MOSCOW — Russia Thursday slammed as unacceptable Japan's condemnation of a plan for President Dmitry Medvedev to visit the Kuril Islands, in a new diplomatic row over the long-running territorial dispute.

Medvedev had the day earlier announced on a trip to Russia's Far East that he intended to visit the Kuril Islands in the near future and had only been prevented from doing so this time by bad weather.
Japan's Foreign Minister Seiji Maehara promptly warned that a presidential visit to the islands would "severely hurt ties".

"The president of Russia himself determines the itinerary of trips inside his own country," retorted Russian foreign ministry spokesman Andrei Nesterenko.

"Any kind of advice from outside in this respect is inappropriate and unacceptable," he told reporters.

The Kuril Islands, which lie north of Japan's Hokkaido island, have been controlled by Moscow since they were seized by Soviet troops in 1945 at the end of World War II but Tokyo still claims the southernmost four islands as Japanese territory.

"We believe that in the interests of Russian-Japanese bilateral relations it is right to eschew contra-productive recycling of positions which lead to nothing," Nesterenko added.

Russian and Japanese officials have repeatedly expressed frustration that the dispute has prevented relations from reaching their potential and the row has also kept Russia and Japan from signing a treaty to end World War II.

Medvedev indicated that Russia had no intention of compromising over the issue, saying that the Kurils were a "very important region of our country."

The archipelago of some 56 islands cascades down from the tip of the Kamchatka peninsula towards Hokkaido island from which the southernmost island is only a few kilometres distant.

The dispute surrounds the southernmost four islands -- known in Russian as Iturup, Shikotan, Habomai and Kunashir and which are collectively known in Japan as the Northern Territories.

Russia has in the last years placed heavy emphasis on the importance of remembering the victory of Soviet troops over the Axis powers of Nazi Germany and Imperial Japan in World War II.

Medvedev has repeatedly slammed what Moscow sees as attempts in some countries to falsify history and revise the outcome of the war.

His latest comments on the Kurils were made on the Kamchatka peninsula, just north of the northernmost Kuril islands, and came just after he had made a major visit to China which also fought Japan in World War II.

Japan has also been sparring with China for the past three weeks in another territorial row, centred on islands located between Japan's Okinawa island and Taiwan which are called Senkaku in Japan and Diaoyu in China.
 
. . .
"We consider it necessary to once again state that these islands are the territory of the Russian Federation," Nesterenko told a weekly briefing.
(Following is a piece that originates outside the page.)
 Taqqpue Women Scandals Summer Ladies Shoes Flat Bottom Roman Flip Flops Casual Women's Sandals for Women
He said Japan should "avoid repeating dead-end positions" in statements about the islands.

It's also dead end for China
 
.
"We consider it necessary to once again state that these islands are the territory of the Russian Federation," Nesterenko told a weekly briefing. He said Japan should "avoid repeating dead-end positions" in statements about the islands.
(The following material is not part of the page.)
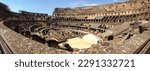 Wide Panorama Inside Roman Colosseum, Rome, Italy, Panoramic Ancient Rome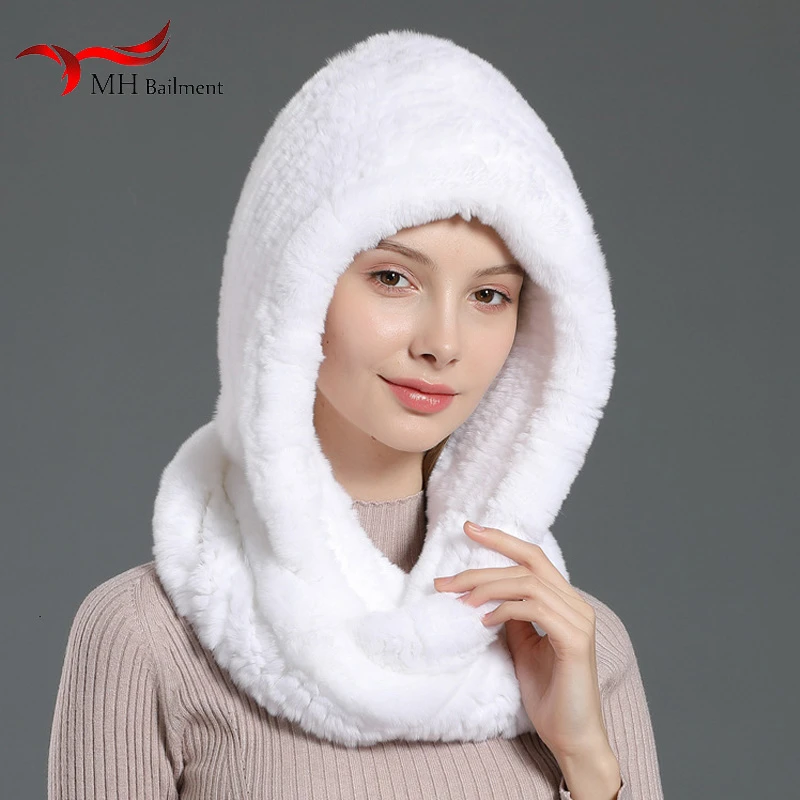 2021 меховая шапка женский вязаный шарф 100% настоящий мех кролика с капюшоном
It's also dead end for China

It's also dead end for India to claim all of Kashmir.
 
.
"We consider it necessary to once again state that these islands are the territory of the Russian Federation," Nesterenko told a weekly briefing. He said Japan should "avoid repeating dead-end positions" in statements about the islands.

It's also dead end for China

It's also dead end for India to claim all of Kashmir.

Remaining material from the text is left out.